The silence hummed between us. I didn't know what to say to him. I didn't know how to bridge the gap between our separate worlds. I didn't know where to start. 'I'll get your mother.'

While he went to get my mum, Pat wandered into the room. He was in his pyjamas, his mass of dirty yellow hair sticking up, those eyes from Tiffany still puffy with sleep. I held out my arms to him, realising with a stab of pain how much I loved him. He walked straight past me and over to the video machine. 'Pat? Come here, darling.'

He reluctantly came over to me, clutching a tape of Return of the Jedi. I pulled him on to my lap. He had that sweet, musty smell kids have when they have just got up. He yawned wide, as I kissed him on the cheek. His skin was brand new. Freshly minted. The softest thing in the world.

And he still looked like the most beautiful thing in the world to me, like a little blond angel who had dropped off a cloud on his way to the celestial video shop.

Was he really that pretty? Or was that just my parental gene kicking in? Does every child in the world look like that to its parent? I still don't know.

'Did you have a nice time at Nanny and Granddad's house?' I asked. He thought about it for a moment. 'They don't have any good films,' he said. 'What kind of films do they have?' 'Stupid ones. Just with… pictures.' 'You mean cartoons?' 'Yeah. Just pictures. For babies.' I was indignant.

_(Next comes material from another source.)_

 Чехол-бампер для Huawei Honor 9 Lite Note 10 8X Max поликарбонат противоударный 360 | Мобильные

'Pat, they're not for babies. You don't like Dumbo? The elephant with the big ears? The poor little elephant who everyone makes fun of?' 'Dumbo's stupid.'

'Dumbo's great! What's wrong with Dumbo? Jesus Christ, I grew up with Dumbo!'

I was going to give him a lecture about the genius of Walt Disney and the glory of animation and the magic of childhood, but my mum came on the line.

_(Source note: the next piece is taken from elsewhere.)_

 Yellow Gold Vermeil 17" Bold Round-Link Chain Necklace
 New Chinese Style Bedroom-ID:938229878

'Harry? We were so worried. What on earth's going to happen? Will you lose your job?'

'Mum, I'm not going to lose my job. What happened last night - that's what we call good television.'

'Really, dear? I thought you once told me that it was good television if the guest attacked the host. I didn't know it worked the other way round.'

'It'll be fine,' I said, although she had a point. All the talk show punch-ups I could remember involved the presenter getting twatted. And not the other way around. 'They're giving me a new contract soon. Don't worry, Mum - we don't have to send Pat up a chimney just yet.'

'And what's wrong with Gina? She seems so - I don't know - down.' 'Gina's fine,' I said. 'What's Gina got to be down about?'

After I'd hung up, Pat beetled over to the video machine and stuffed in Return of the Jedi. The film began where he had left it - Princess Leia dressed as a slave girl at the feet of Jabba the Hutt. Drool slipped from Jabba's filthy lips as he considered his nubile concubine. My four-year-old son watched the scene impassively. This couldn't be good for him, could it? 'Why don't we have a game?' I suggested. His face brightened. 'Okay!' 'What do you want to play?' 'Star Wars.'

Grinning from ear to ear, he hauled his favourite toy box in from his bedroom and emptied its contents on to the carpet. Out spilled all the things that made George Lucas famous. I sat on the floor with Pat while he carefully manoeuvred Han, Luke, Chewie and the two 'droids around his grey plastic Millennium Falcon.

'Princess Leia is being held captured on the Death Star,' Pat said. 'Captive,' I said. 'She's being held captive.'

'Being held captured,' he said. 'We have to rescue her, Daddy.' 'Okay.'

I sat playing with my son for a while, something I knew I didn't do nearly enough. Then after about five or ten minutes I decided I had better get in to work. It was going to be a long day.